→ TASK DETAILS: What is wanted is every line below from the one with "Galvanized Steel ERW" up to and including the one with "Fashion Store c21jw2fof3a3cx7x29gm2rya", retyped exactly, pictures excluded, nothing else.

→ RECORDS FOR THIS TASK:
____

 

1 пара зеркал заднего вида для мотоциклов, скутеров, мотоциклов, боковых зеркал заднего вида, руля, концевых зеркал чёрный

____

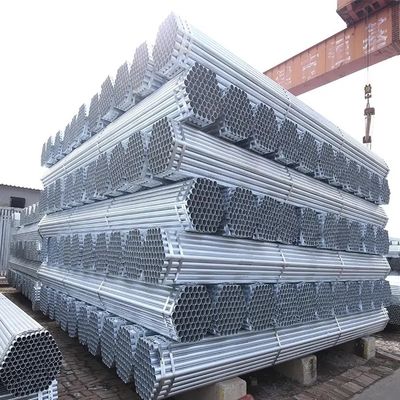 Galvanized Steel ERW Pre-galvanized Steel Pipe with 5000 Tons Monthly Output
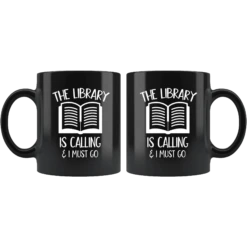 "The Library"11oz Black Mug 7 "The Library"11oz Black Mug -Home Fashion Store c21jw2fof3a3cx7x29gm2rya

____

→ SOLUTION TO THIS EXERCISE:
 Galvanized Steel ERW Pre-galvanized Steel Pipe with 5000 Tons Monthly Output
 "The Library"11oz Black Mug 7 "The Library"11oz Black Mug -Home Fashion Store c21jw2fof3a3cx7x29gm2rya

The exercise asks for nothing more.